Avoiding the Leaky Bucket
Central to the Bucket Strategy and this chapter is the concept of avoiding a ‘leaky bucket.’ This happens when investments are not aligned with the set goals and timelines, potentially jeopardizing financial security, especially during retirement. Misalignment can lead to unnecessary risks or a premature liquidation of your funds that interrupts the crucial compounding of your investments. However, aligning each investment with the right bucket ensures that money is not just growing but is available when needed.
- Short-Term Financial Security: The first bucket is for the short-term, covering the immediate to 5-year range. It’s akin to keeping funds in a checking account – liquid and accessible. Here, the focus is on preserving capital and maintaining a conservative investment stance to ensure that daily living expenses and emergency funds are secure. This bucket avoids market volatility, prioritizing stability over growth.
- Mid-Term Wealth Accumulation: As we move into the 6 to 10-year window, the second bucket comes into play. Here, investments can be moderately aggressive, taking on more risk in pursuit of higher returns. This bucket is designed for financial goals that are on the horizon but not immediate – such as a child’s college fund or a down payment on a home. It balances the need for growth against the diminishing time frame for investment.
- Long-Term Growth and Preservation: The third bucket is the long-term stronghold, designated for 10 years and beyond. This is the growth engine of the strategy, where investments are geared towards beating inflation and taxation over the years. It’s for the retirement phase, where money can be invested in growth assets with the potential for significant appreciation. It’s about looking ahead and planning for a future where financial security is paramount.
Creating a Tailored Plan
Where traditional financial planning often fails, the Bucket Strategy excels by providing a clear, actionable path. For context, every plan should be:
- Accurate: Based on realistic assessments of personal finances.
- Understandable: Free from complex financial jargon and easy for anyone to follow.
- Reliable: A dependable guide that can be referred to time and time again.
- Implementable: Include clear steps that one can take without needing expert knowledge.
- Trackable: Allow for regular reviews and adjustments as personal circumstances or market conditions change.
Steps for Implementation
To effectively harness the power of the Bucket Strategy, it’s important to take deliberate actions that resonate with your unique financial circumstance. The following steps serve as a blueprint to construct and maintain your financial buckets, each tailored to support you through different stages of life.
- Assess Your Financial Situation: Begin by evaluating your current financial status. Determine your short-term needs, mid-term goals, and long-term aspirations, including your best guess at their potential costs.
- Allocate Your Assets: Divide your assets among the three buckets. Place enough in the short-term bucket to cover immediate expenses, invest in slightly riskier assets for the mid-term, and aim for higher-growth investments for the long-term bucket.
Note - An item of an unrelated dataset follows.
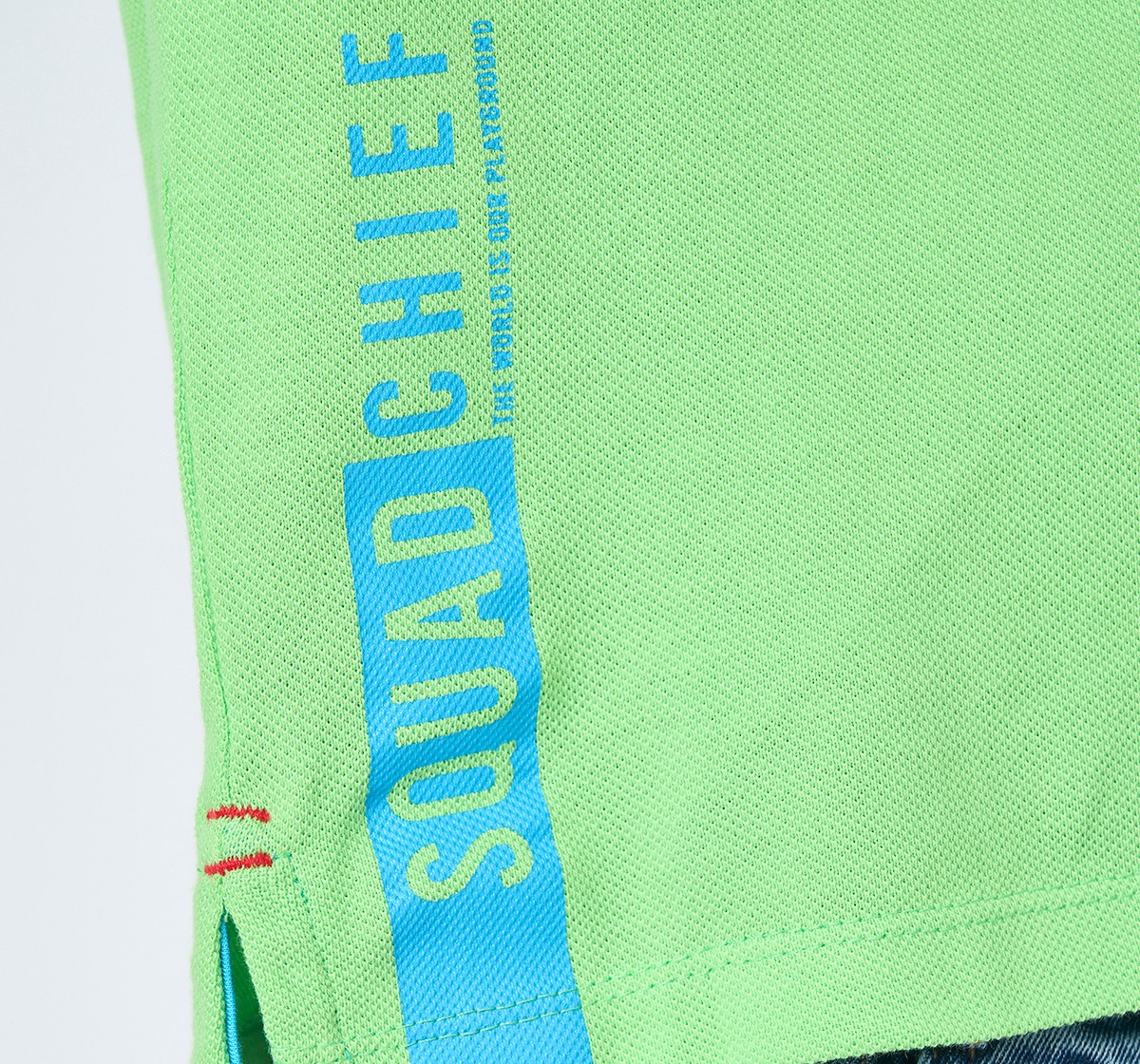 Boys polo T-shirt Green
- Align Investments with Your Goals: Ensure that each investment corresponds with a specific goal and timeframe. For example, bonds or high-yield savings for the short term, a mix of stocks and bonds for the mid term, and primarily stocks or real estate for the long term.
- Monitor and Adjust: Regularly review your buckets to ensure they align with your changing financial situation and long-term goals, and adjust your investments accordingly.
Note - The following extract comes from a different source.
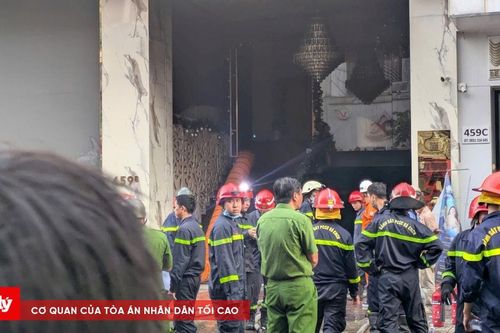 Cháy thẩm mỹ viện ở TP.HCM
Dealing with Real-Life Challenges
The Bucket Strategy is much more than a theoretical model; it’s designed for real life, with all its unexpected twists and turns. Whether facing health challenges or life transitions, having a purpose-driven plan provides peace of mind. It’s about ensuring that regardless of what happens, the financial aspects of your life are structured to support you and your family.
Real-life success stories highlight the Bucket Strategy’s effectiveness. From ensuring long-term care for a spouse to accommodating the analytical investor’s need for structure and peace, the strategy has proven to be adaptable and reassuring. It demonstrates that with thoughtful planning, financial security can be achieved, allowing individuals to focus on what truly matters without the constant worry of financial instability.
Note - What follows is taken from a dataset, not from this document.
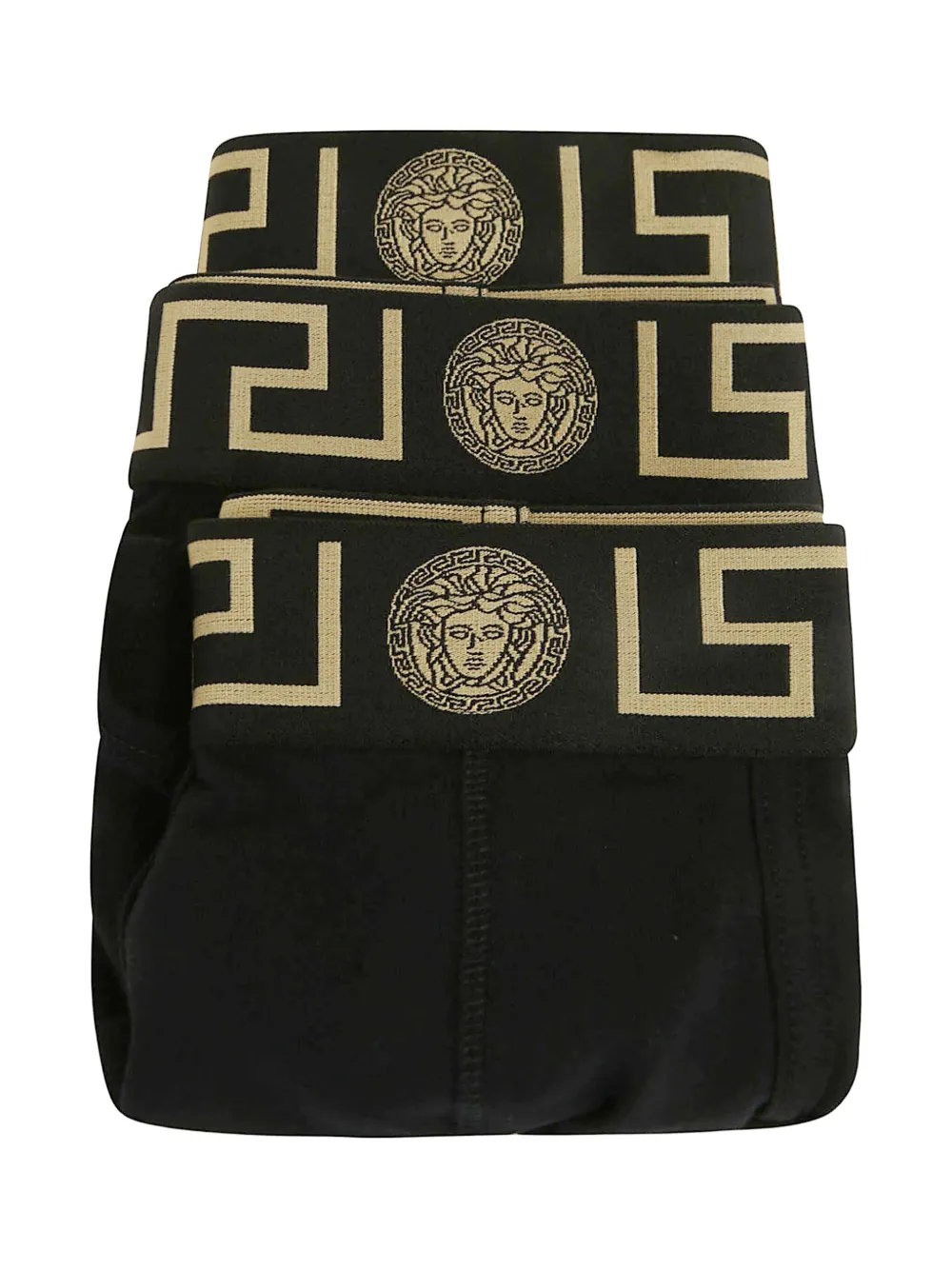 Versace Greca Medusa Head driedelige slip set Zwart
Securing Financial Stability
The Bucket Strategy is a comprehensive plan that enables individuals to take control of their financial future. By breaking down financial goals into manageable buckets, one can safeguard against volatility and align investments with life’s goals. It provides a systematic way to prepare for short-term expenses, mid-term needs, and long-term growth, encapsulating a full spectrum of financial planning. This strategy ensures that wealth is accumulated but also done so with purpose and foresight, ready for whatever challenges or opportunities life brings your way.
If you have any questions or want to know how to get your hands on a copy of “Wealth on Purpose” by Bryan Ballentine, give us a call!
Have a great weekend!
Sources: “Wealth on Purpose” by Bryan Ballentine
Golf Tip of the Week
10 myths about golf clubs you should forget right now
Golf is littered with clichés. In some instances they ring true, like “Never up, never in” and “Don’t miss on the short side.” However, with golf equipment, there is an abundance of words spoken so often that they are taken as fact when they are just folk tales from the fairways. Those who fit golf clubs for a living know what’s true—and what isn’t. We reached out to half a dozen of them—all from Golf Digest’s 100 Best Clubfitters list—to bring clarity to your understanding of the equipment scene. As one said, “The only rule in clubfitting is there is always an exception to the rule.” In other words, don’t be that golfer who further spreads misinformation. Do you best to forget these 10 golf-equipment myths.
Only good players should get fit
Like public speaking or blind dates, going for a clubfitting can be such an intimidating experience that many golfers do whatever they can to avoid it. The common refrain is, “I’m not good enough.”
Nothing gets fitters more riled up than this excuse. “The best response to anyone who says they’re ‘not good enough to get fit’ is ‘you’re not good enough not to get fit!’ ” says Scott Felix, founder of Felix Clubworks in Collierville, Tenn., who says the majority of those shafts and clubheads lining the walls of your typical fitting center are eliminated from consideration after the first dozen or so warm-up swings a player makes.
Many fitters will make the case that good players are talented enough to overcome clubs that aren’t fitted for them, but average golfers aren’t. “If they’re playing with ill-fitting equipment, they’re constantly fighting their clubs and are likely to develop swing flaws to compensate,” says Ken Morton Jr., director of retail and marketing for Haggin Oaks Super Shop in Sacramento, Calif.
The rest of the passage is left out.